05
Le regard perdu sur des cartes du royaume, Axine pleurait Arcturus dans un silence perturbant pour tous. Son esprit n’arrivait pas à se détacher du pendentif posé sur le coin d’une étagère. Elle avait promis de ne pas chercher la famille possédant ce blason. Malgré sa promesse, elle envisageait de demander à La Fouine, un receleur de la surface, de l’aider. Soudain, elle sentit comme un vide l’envahir. Quelque chose changeait. Son être réalisa qu’Arcturus n’était plus là pour la conseiller. Face aux cartes imparfaites du royaume, Axine aspira à une autre vie, à un autre combat. Olan, son frère d’âme entra à ce moment-là. Axine était certaine qu’il avait ressenti sa détresse.
Comme pour Axine, Arcturus avait recueilli ce gamin des rues. Tous deux furent élevés comme s’ils étaient frère et sœur. Ils reçurent une éducation de guerrier et des corrections d’enfant. Depuis l’annonce de la mort de leur père adoptif, Olan avait retenu ses larmes devant les habitants du camp. Il avait joué ce rôle qu’Axine aurait dû tenir. Il ne lui en voulait pas de s'être protégée. Il aurait simplement souhaité qu’elle lui exprime ce souhait. Olan aurait alors anticipé les réactions et la tristesse de chacun. Dès que le rideau s’abaissa, il perdit son masque et laissa des larmes glisser le long de ses joues. Il n’était plus possible de retenir sa peine.

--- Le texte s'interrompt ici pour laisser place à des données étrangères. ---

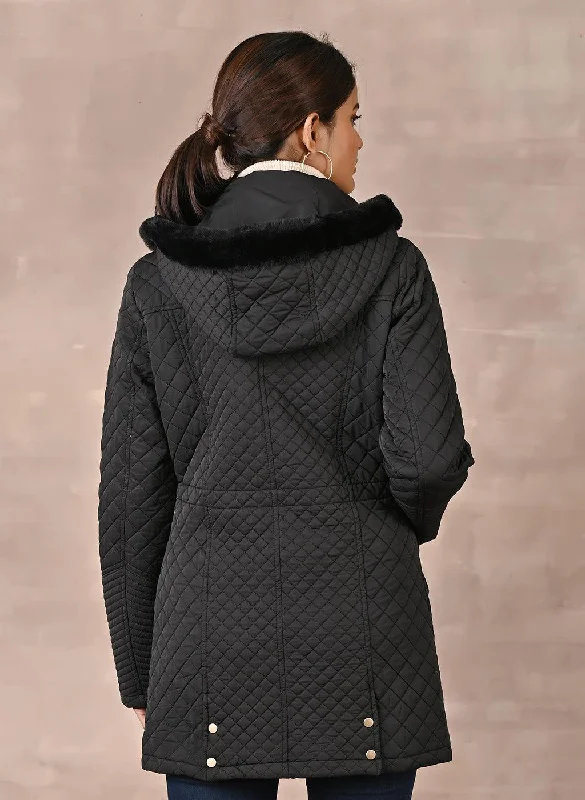 black-quilted-jacket-with-attached-hood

Face à la tristesse de son frère, Axine resta de marbre. Elle ne chercha pas à le réconforter. Elle ne savait pas s’ouvrir aux autres et, encore moins, partager leur souffrance. Impatiente de retourner sur le terrain, elle étudiait des plans de la Cité et du palais. La douleur de son frère ne l’atteindrait pas.Il fallait que les combats cessent avant qu’une nouvelle génération ne doive reprendre le flambeau.
– Avons-nous une carte des égouts ? interrogea-t-elle.
– Personne n’a pris la peine d’en tracer une, précisa Olan en contrôlant son émotion. Pourquoi me demandes-tu cela ? Ce n’est pas une priorité.
– Passer par la Cité pose de plus en plus de problèmes. La ruse ne suffit plus pour ne pas se faire prendre.
Olan remarqua des signes de fatigue chez sa sœur. Depuis combien de jours n’avait-elle pas dormi ? La mort d’Arcturus venait s’ajouter aux longues heures d’angoisse de ne jamais sortir vivant des égouts. Les hommes avaient parlé de cette horrible expérience. Ils avaient mis des mots sur des peurs, des angoisses. Axine gardait trop de choses en elle. Olan était conscient qu’un jour, les blessures resurgiraient. La destruction du corps apparaîtrait comme une évidence. Sa sœur avait déjà essayé de mettre fin à ses jours, un secret gardé entre eux.
– Tu devrais aller te reposer.
– Je n’ai pas le temps ! fut la seule réponse qui traversa l’esprit de la jeune femme.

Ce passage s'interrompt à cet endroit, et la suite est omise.